Stored items from a collection
————

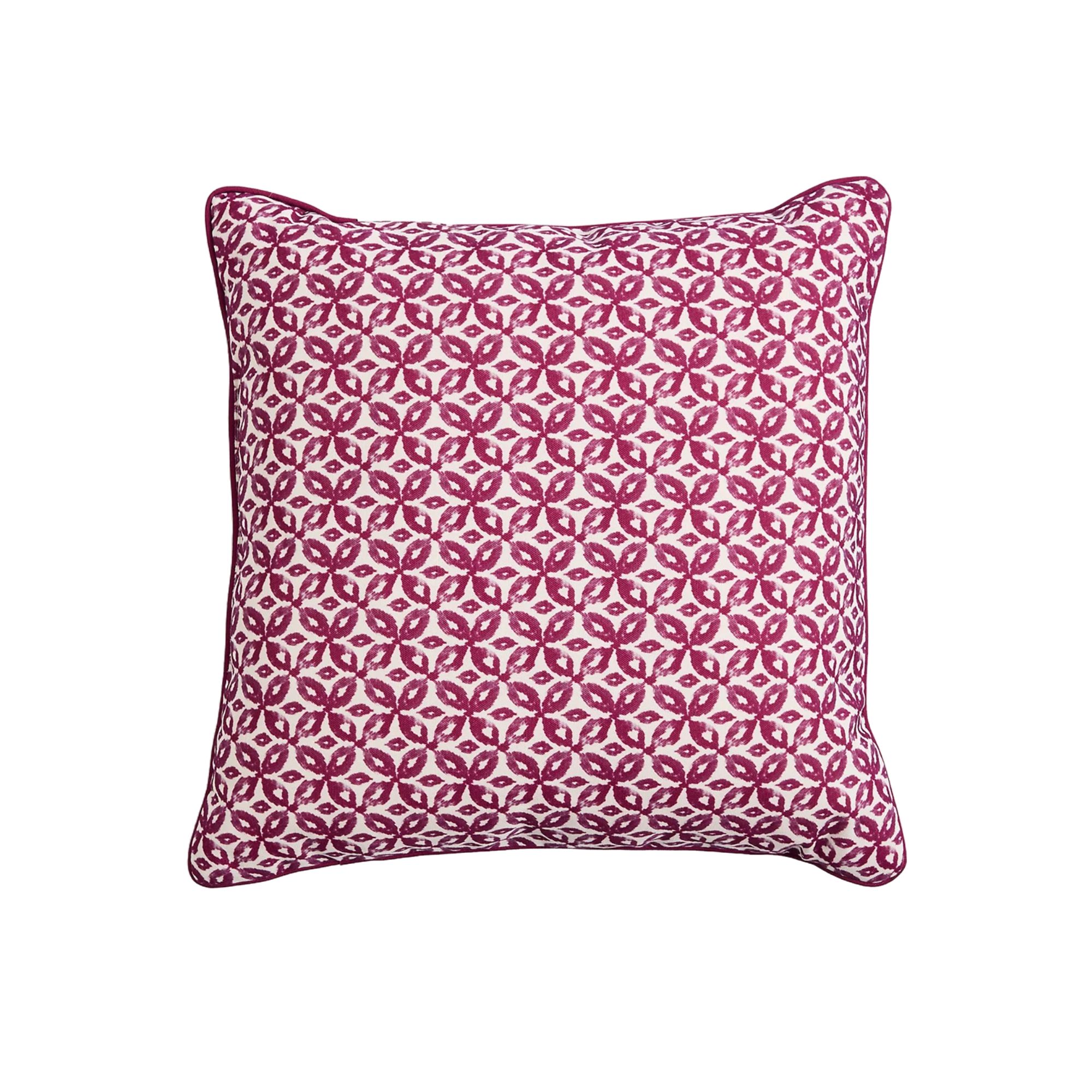 picture of Set of 2 Geometric Outdoor Cushions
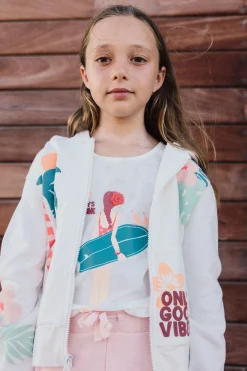 Maglietta a maglia per bambina di colore bianco con stampa da surfista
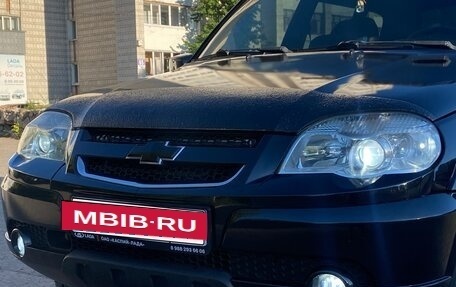 Chevrolet Niva I рестайлинг, 2010 год, 490 000 рублей, 8 фотография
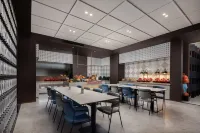 Wanda Encore, Urumqi Tianshan International Airport - 朝食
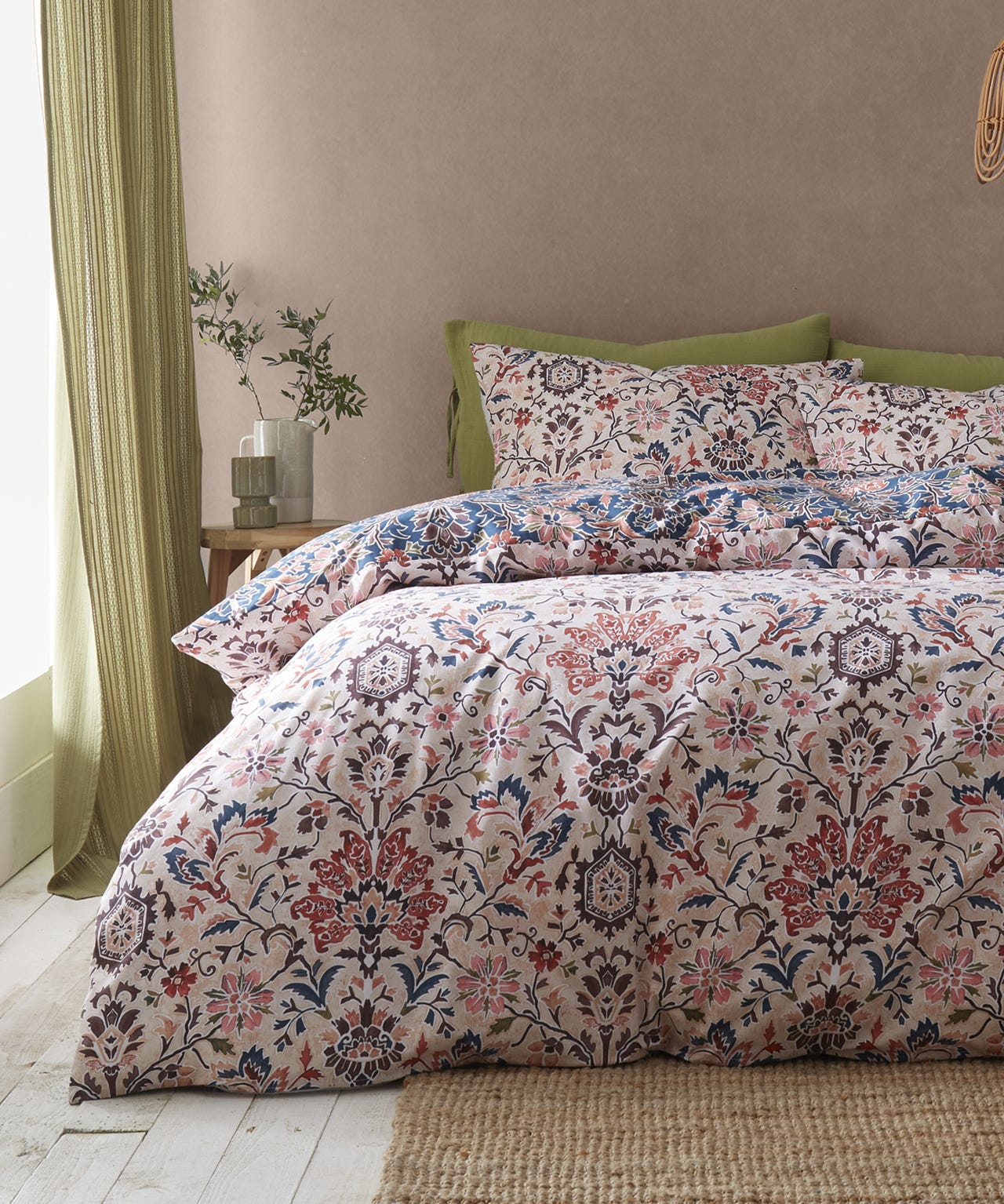 Keera Floral Reversible Duvet Set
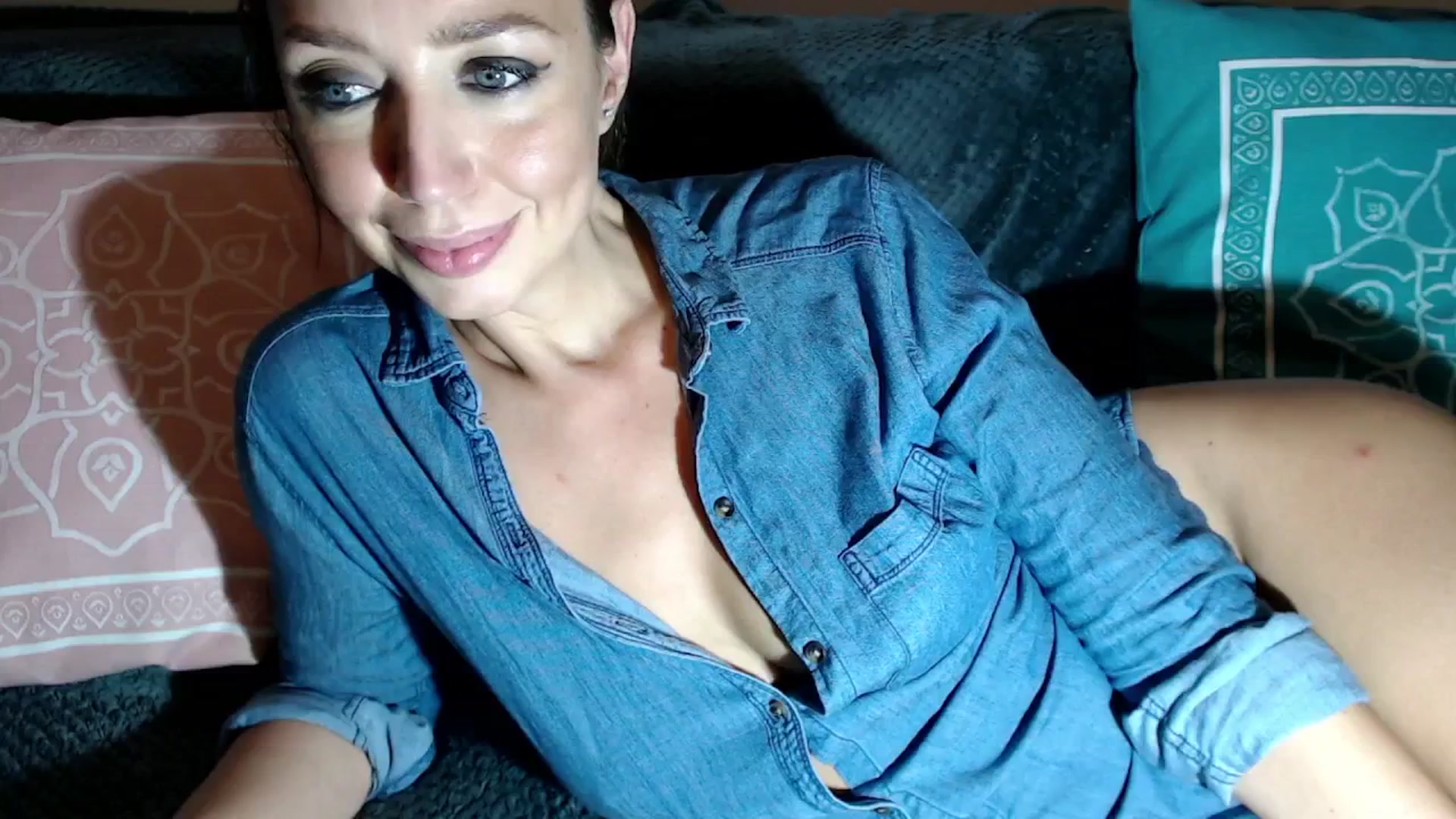 Gallery image thumbnail from Joyeuse1's myfreecams stream on, 11/03/2025, 23:15 image 9 of 20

————

§ **Required work**
What is needed here is an exact transcript of the data above, pictures excluded.

§ **Output of the exercise**
 picture of Set of 2 Geometric Outdoor Cushions
 Maglietta a maglia per bambina di colore bianco con stampa da surfista
 Chevrolet Niva I рестайлинг, 2010 год, 490 000 рублей, 8 фотография
 Wanda Encore, Urumqi Tianshan International Airport - 朝食
 Keera Floral Reversible Duvet Set
 Gallery image thumbnail from Joyeuse1's myfreecams stream on, 11/03/2025, 23:15 image 9 of 20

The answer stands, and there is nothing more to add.